The Boston Celtics will face the Cleveland Cavaliers again at the Quicken Loans Arena Saturday at 7:30 pm in their preseason finale. The Cavaliers defeated the Celtics, 102-95, in their first meeting of the preseason on Tuesday.
The NBA preseason is a lot like junior high school; sure, the grades won’t show up on your college applications, but the study habits you build then will help determine whether or not you succeed in high school.
Unfortunately, the Boston Celtics have been treating preseason as if the grades don’t matter and they already know how to study well, so they might as well just save the effort for high school.
Of course, that type of effort is not going to fly with Boston coach Brad Stevens, whose favorite book is The Growth Mindset and who is one of the most process-oriented people in the Northeast region.
After an abominable showing in a loss to Cleveland on Tuesday at home, Stevens ripped into his team and called everybody out for their lack of effort.
In his postgame media appearance on NBC Sports Boston, Stevens said, “I couldn’t be more unimpressed after our first three exhibition games.
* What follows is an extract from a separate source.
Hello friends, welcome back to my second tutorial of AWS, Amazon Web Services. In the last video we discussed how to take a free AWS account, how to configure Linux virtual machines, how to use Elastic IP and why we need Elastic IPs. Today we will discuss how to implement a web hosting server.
We’re not as good as advertised. So at least we know that.”
Though Stevens, who has a reputation as an incredibly detail-oriented coach, expressed his displeasure at his team’s approach to preseason basketball thus far, the players still seem to be taking a much more care-free and relaxed attitude.
Via Chris Forsberg of NBC Sports Boston, Marcus Morris said:
“I don’t see [reason for concern]; It’s preseason,” said Morris. “We have a lot to look forward to this year so I can understand [Stevens’] concerns. At the same time, preseason is for learning and things like that. I think we’ll get back on the right page.”
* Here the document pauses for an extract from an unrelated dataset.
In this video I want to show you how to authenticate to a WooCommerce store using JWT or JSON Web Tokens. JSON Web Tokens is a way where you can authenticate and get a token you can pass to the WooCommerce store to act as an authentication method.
When asked about Boston’s defensive struggles through three games, reserve guard Marcus Smart had a different, but equally baffling response.
Consider me outright shocked that Marcus Smart of all people doesn’t practice his defense in the offseason. And apparently his teammates don’t either.
As a former high school basketball player, I can remember doing wall sits, defensive slides, and closeout drills alone in the gym in order to improve my defense. It’s hard for me to believe that most of the league, including one of the NBA’s toughest defenders, doesn’t work on one of the most impactful skills, which also happens to be relatively easy to improve upon with hard work.
Whether Smart’s statement is true or not, the Celtics need to change their mindset heading into the preseason finale against the Cavaliers at the Quicken Loans Arena Saturday night at 7:30.
With Kyrie Irving and Gordon Hayward both sitting out tonight’s game, Boston will have to play with much more intensity and focus on both ends of the court in order to please their perfectionist coach.
Preseason success is certainly not an indicator of a team’s regular season record, and its not time to worry yet, but Stevens is right to express concern and his players should heed his warning.
The Celtics have big dreams and goals this season and those visions don’t just appear in June, they are built over the course of a long season. Basketball is a game of muscle memory; each time a player repeats an action a bundle of neurons is firing in his brain and growing stronger.
The more a player and a team practice bad habits, the more likely those habits are to pop up under the most pressure-filled situations. Let’s not forget that the Golden State Warriors spent most of last season loafing at their ease and sitting on their high horse, only to be nearly dethroned by an inferior Houston Rockets team in the Western Conference Finals.
Were it not for a Chris Paul injury, a poorly-timed Rockets brick fest, and the otherworldly talent of Golden State’s stars, the Warriors would have paid the price for laziness allowed to linger with the team all season long.
Boston has no need to panic during preseason, but the Celtics ought to beware the road to a championship begins with a single step in preseason and a pebble in your shoe now can create blisters that effect you in the final stages of the journey.